### PROVIDED DATA
****

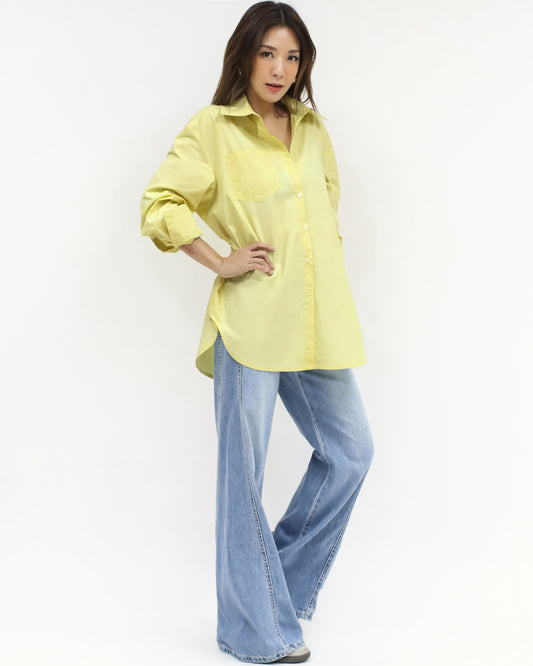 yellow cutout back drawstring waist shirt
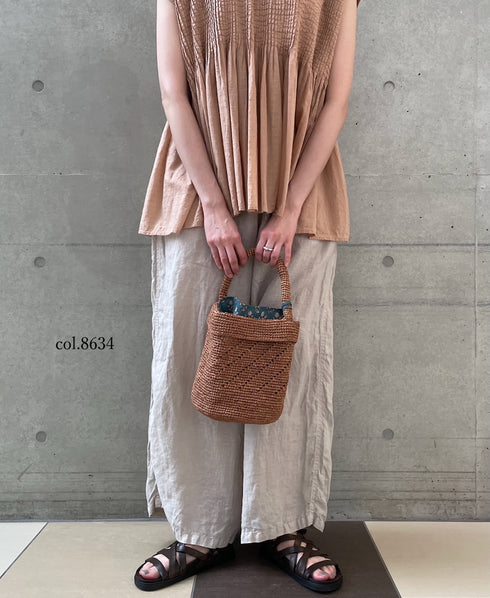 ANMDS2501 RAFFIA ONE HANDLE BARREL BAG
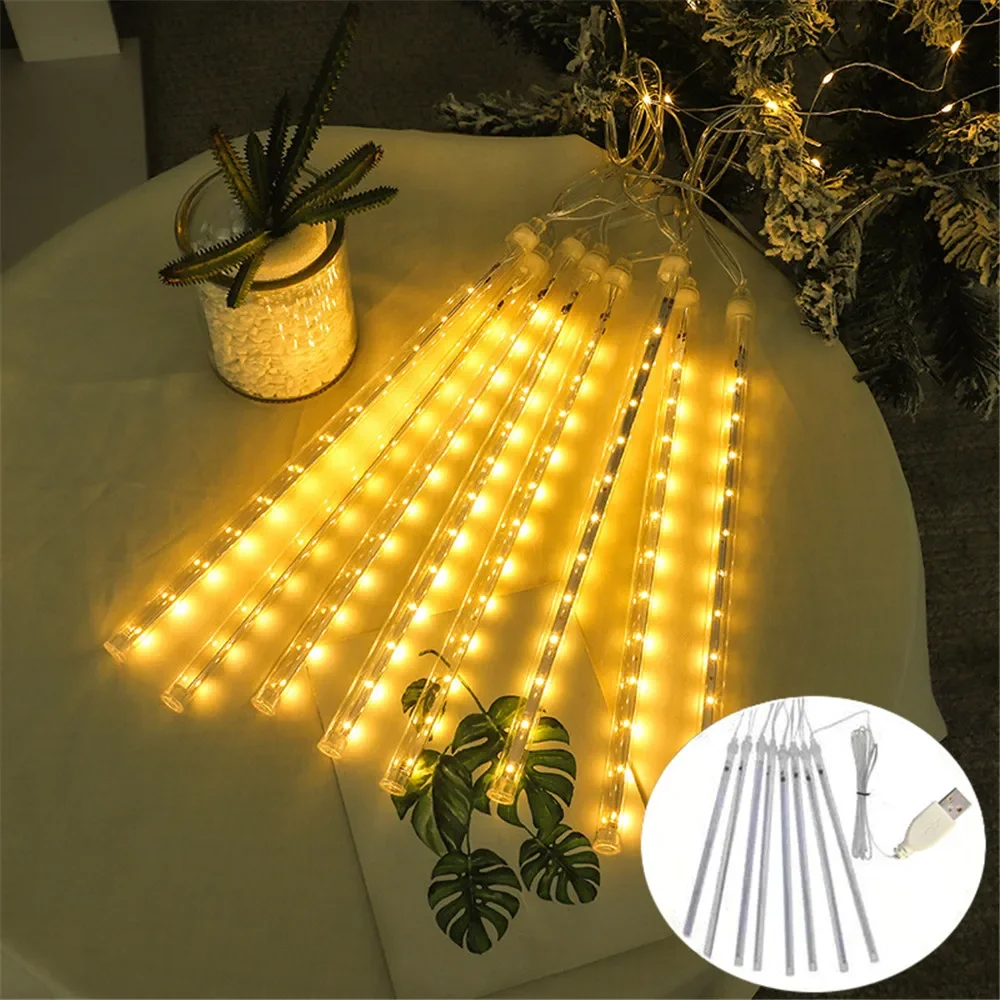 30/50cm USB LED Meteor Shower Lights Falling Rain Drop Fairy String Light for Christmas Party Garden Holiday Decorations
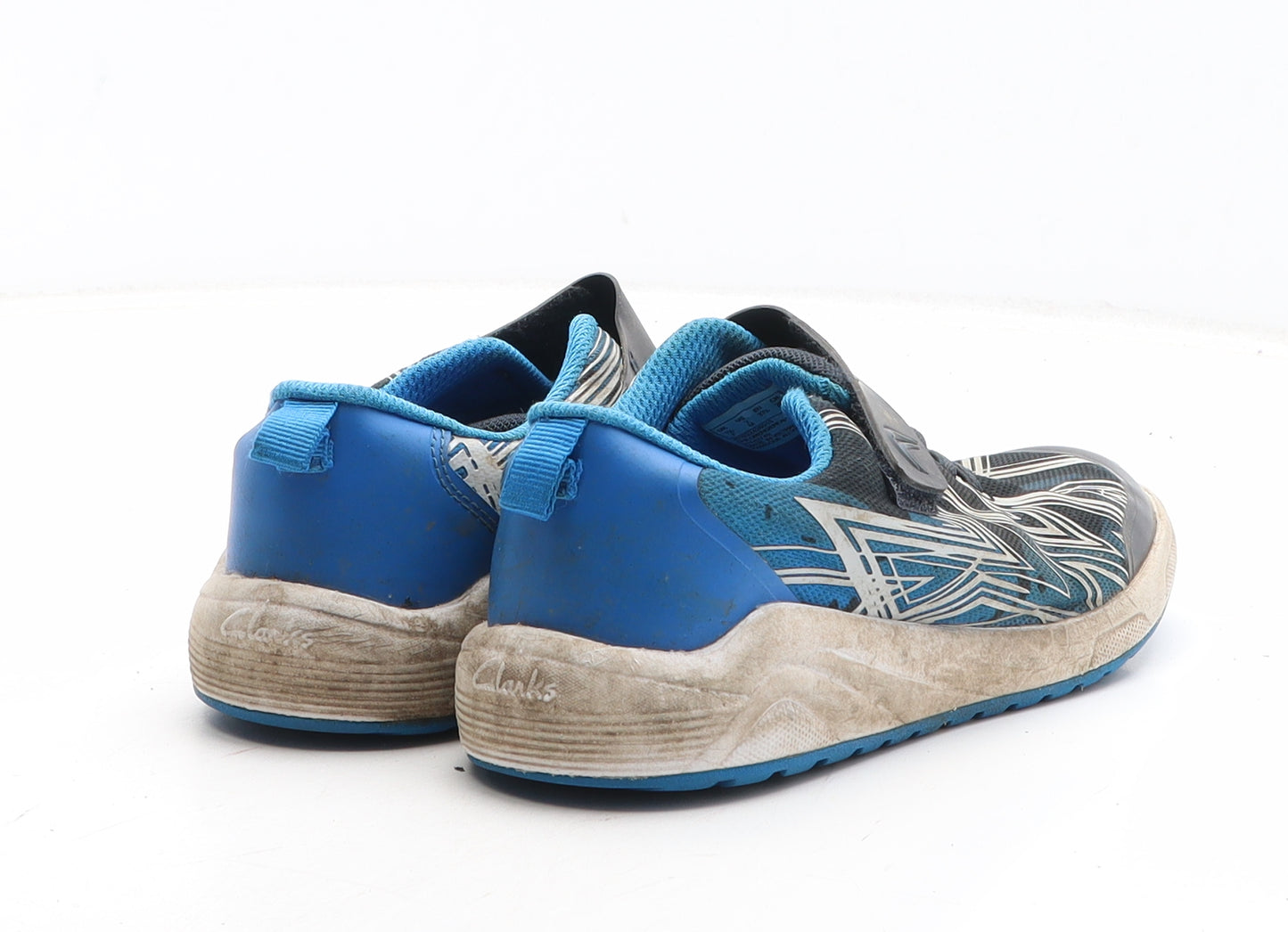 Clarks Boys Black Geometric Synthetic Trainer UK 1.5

****

### WHAT YOU HAVE TO DO
Would you return the whole listing exactly, without the pictures?

### ANSWER TO THIS TASK
 yellow cutout back drawstring waist shirt
 ANMDS2501 RAFFIA ONE HANDLE BARREL BAG
 30/50cm USB LED Meteor Shower Lights Falling Rain Drop Fairy String Light for Christmas Party Garden Holiday Decorations
 Clarks Boys Black Geometric Synthetic Trainer UK 1.5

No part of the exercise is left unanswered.